À Cannes, des études et exercices menés dans le cadre du label UNESCO Tsunami Ready soulignent une vulnérabilité réelle, avec des plans d’évacuation, des panneaux de signalisation et des campagnes d’information aux habitants.
Un tsunami est provoqué par un séisme sous marin ou côtier se produisant à faible profondeur (moins de 50 km de profondeur) et possédant une magnitude d’au moins 6,5.

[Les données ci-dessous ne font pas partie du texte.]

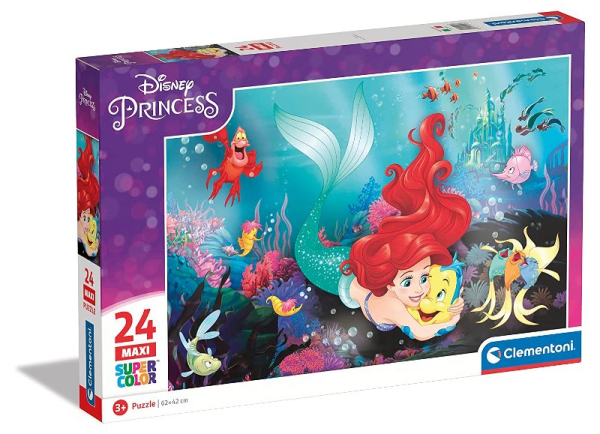 PUZZLE 24 MAXI LITTLE MERMAID — immagine 1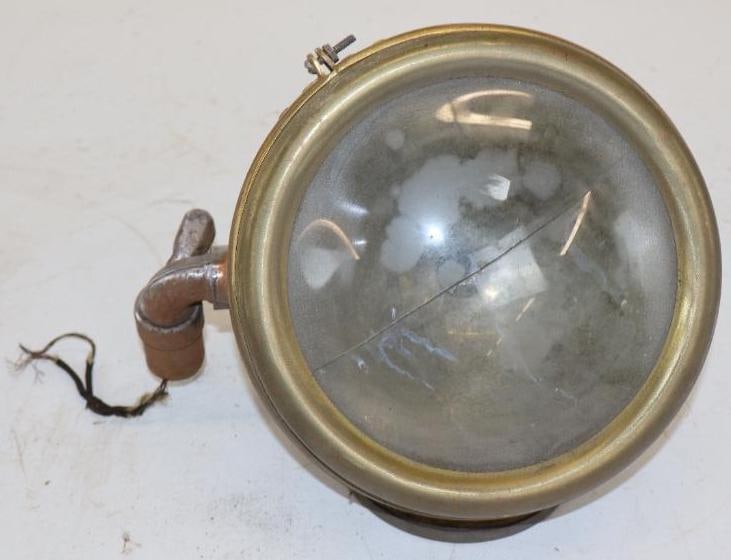 Early Automobile Brass Sidelight (1 of 3)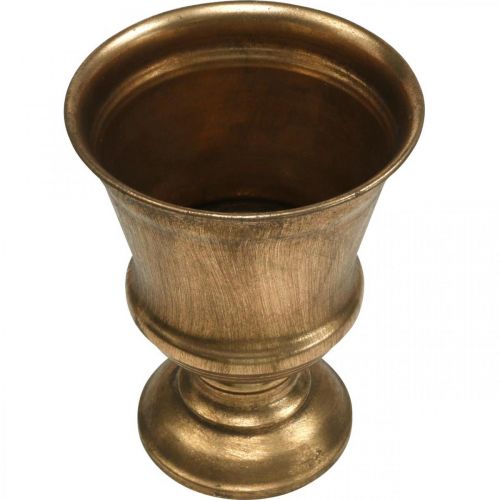 Prodotto Vaso calice calice effetto oro decorazione antica metallo Ø14cm H18.5cm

La zone côtière des Alpes-Maritimes est considérée comme vulnérable aux tsunamis, ce qui justifie l’intégration de ces scenarios dans les plans ORSEC et les plans communaux de sauvegarde.
Le littoral de l’Arc Méditerranéen peut être confronté à des tsunamis provoqués par des séismes majeurs survenus au large des côtes françaises, italiennes et du Maghreb. Les plages, les ports et les zones urbanisées les plus proches de la mer peuvent alors être impactés.
Une secousse puissante ou prolongée, un bruit sourd et inhabituel ou encore une chute rapide du niveau de la mer ou le retrait rapide de la mer sont des signes naturels avant coureurs de l’arrivée imminente de vagues de tsunami. Dans ce cas, évacuez rapidement les bords de mer sans attendre la diffusion d’une alerte officielle !
Les études du BRGM ont modélisé 110 scénarios de tsunami le long du littoral, estimant des vagues pouvant dépasser 3 m, voire plus de 5 m, dans certains secteurs comme l’arrière-pays de Mandelieu-La Napoule.
Les simulations BRGM montrent aussi que la première vague n’est pas toujours la plus forte et que le retrait de la mer avant la vague n’est pas systématique, ce qui rend nécessaire une évacuation rapide sans attendre d’avertissement visuel.
L’amplitude du tsunami généré augmente avec la magnitude du séisme. A partir d’une magnitude 8, le séisme peut générer un tsunami potentiellement dévastateur au niveau d’une mer ou d’un bassin océanique.